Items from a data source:

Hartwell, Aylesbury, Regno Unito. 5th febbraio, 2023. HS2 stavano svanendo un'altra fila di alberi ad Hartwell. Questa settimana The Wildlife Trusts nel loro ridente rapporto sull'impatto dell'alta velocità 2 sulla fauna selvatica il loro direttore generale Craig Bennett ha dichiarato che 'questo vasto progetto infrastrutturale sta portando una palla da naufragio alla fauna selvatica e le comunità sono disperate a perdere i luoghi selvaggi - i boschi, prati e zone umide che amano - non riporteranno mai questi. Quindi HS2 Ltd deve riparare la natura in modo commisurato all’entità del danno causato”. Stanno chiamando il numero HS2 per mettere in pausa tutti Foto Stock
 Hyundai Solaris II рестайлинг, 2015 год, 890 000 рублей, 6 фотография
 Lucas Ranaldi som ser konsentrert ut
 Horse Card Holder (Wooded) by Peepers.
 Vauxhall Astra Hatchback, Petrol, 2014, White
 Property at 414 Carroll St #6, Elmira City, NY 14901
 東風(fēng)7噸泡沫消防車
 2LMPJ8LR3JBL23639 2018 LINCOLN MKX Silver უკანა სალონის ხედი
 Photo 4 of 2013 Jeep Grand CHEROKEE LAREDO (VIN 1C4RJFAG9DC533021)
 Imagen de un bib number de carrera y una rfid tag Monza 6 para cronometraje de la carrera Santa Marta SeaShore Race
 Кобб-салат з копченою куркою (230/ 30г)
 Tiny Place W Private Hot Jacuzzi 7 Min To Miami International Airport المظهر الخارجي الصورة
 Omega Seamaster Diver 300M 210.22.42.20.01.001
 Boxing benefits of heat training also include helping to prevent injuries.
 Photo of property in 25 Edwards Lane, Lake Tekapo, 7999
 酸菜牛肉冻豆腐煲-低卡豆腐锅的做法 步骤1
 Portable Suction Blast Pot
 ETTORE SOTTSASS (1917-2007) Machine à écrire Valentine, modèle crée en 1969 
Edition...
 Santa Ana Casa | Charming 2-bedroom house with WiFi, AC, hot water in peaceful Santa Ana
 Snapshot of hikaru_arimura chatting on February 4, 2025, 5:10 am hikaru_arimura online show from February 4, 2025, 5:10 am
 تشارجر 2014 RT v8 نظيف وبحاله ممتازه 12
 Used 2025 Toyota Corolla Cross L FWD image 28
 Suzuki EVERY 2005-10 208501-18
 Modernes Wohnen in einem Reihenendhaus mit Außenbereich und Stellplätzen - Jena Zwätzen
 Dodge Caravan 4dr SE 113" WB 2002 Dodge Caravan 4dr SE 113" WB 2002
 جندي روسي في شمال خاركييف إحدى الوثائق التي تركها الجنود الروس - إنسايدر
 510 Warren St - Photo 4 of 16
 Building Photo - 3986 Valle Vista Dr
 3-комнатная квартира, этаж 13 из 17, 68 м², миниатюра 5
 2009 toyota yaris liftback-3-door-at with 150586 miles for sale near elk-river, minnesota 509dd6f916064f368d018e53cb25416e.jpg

• _EXERCISE BRIEF_
Output the data above without altering a line.

• _RESPONSE TO THE EXERCISE_
Hartwell, Aylesbury, Regno Unito. 5th febbraio, 2023. HS2 stavano svanendo un'altra fila di alberi ad Hartwell. Questa settimana The Wildlife Trusts nel loro ridente rapporto sull'impatto dell'alta velocità 2 sulla fauna selvatica il loro direttore generale Craig Bennett ha dichiarato che 'questo vasto progetto infrastrutturale sta portando una palla da naufragio alla fauna selvatica e le comunità sono disperate a perdere i luoghi selvaggi - i boschi, prati e zone umide che amano - non riporteranno mai questi. Quindi HS2 Ltd deve riparare la natura in modo commisurato all’entità del danno causato”. Stanno chiamando il numero HS2 per mettere in pausa tutti Foto Stock
 Hyundai Solaris II рестайлинг, 2015 год, 890 000 рублей, 6 фотография
 Lucas Ranaldi som ser konsentrert ut
 Horse Card Holder (Wooded) by Peepers.
 Vauxhall Astra Hatchback, Petrol, 2014, White
 Property at 414 Carroll St #6, Elmira City, NY 14901
 東風(fēng)7噸泡沫消防車
 2LMPJ8LR3JBL23639 2018 LINCOLN MKX Silver უკანა სალონის ხედი
 Photo 4 of 2013 Jeep Grand CHEROKEE LAREDO (VIN 1C4RJFAG9DC533021)
 Imagen de un bib number de carrera y una rfid tag Monza 6 para cronometraje de la carrera Santa Marta SeaShore Race
 Кобб-салат з копченою куркою (230/ 30г)
 Tiny Place W Private Hot Jacuzzi 7 Min To Miami International Airport المظهر الخارجي الصورة
 Omega Seamaster Diver 300M 210.22.42.20.01.001
 Boxing benefits of heat training also include helping to prevent injuries.
 Photo of property in 25 Edwards Lane, Lake Tekapo, 7999
 酸菜牛肉冻豆腐煲-低卡豆腐锅的做法 步骤1
 Portable Suction Blast Pot
 ETTORE SOTTSASS (1917-2007) Machine à écrire Valentine, modèle crée en 1969 
Edition...
 Santa Ana Casa | Charming 2-bedroom house with WiFi, AC, hot water in peaceful Santa Ana
 Snapshot of hikaru_arimura chatting on February 4, 2025, 5:10 am hikaru_arimura online show from February 4, 2025, 5:10 am
 تشارجر 2014 RT v8 نظيف وبحاله ممتازه 12
 Used 2025 Toyota Corolla Cross L FWD image 28
 Suzuki EVERY 2005-10 208501-18
 Modernes Wohnen in einem Reihenendhaus mit Außenbereich und Stellplätzen - Jena Zwätzen
 Dodge Caravan 4dr SE 113" WB 2002 Dodge Caravan 4dr SE 113" WB 2002
 جندي روسي في شمال خاركييف إحدى الوثائق التي تركها الجنود الروس - إنسايدر
 510 Warren St - Photo 4 of 16
 Building Photo - 3986 Valle Vista Dr
 3-комнатная квартира, этаж 13 из 17, 68 м², миниатюра 5
 2009 toyota yaris liftback-3-door-at with 150586 miles for sale near elk-river, minnesota 509dd6f916064f368d018e53cb25416e.jpg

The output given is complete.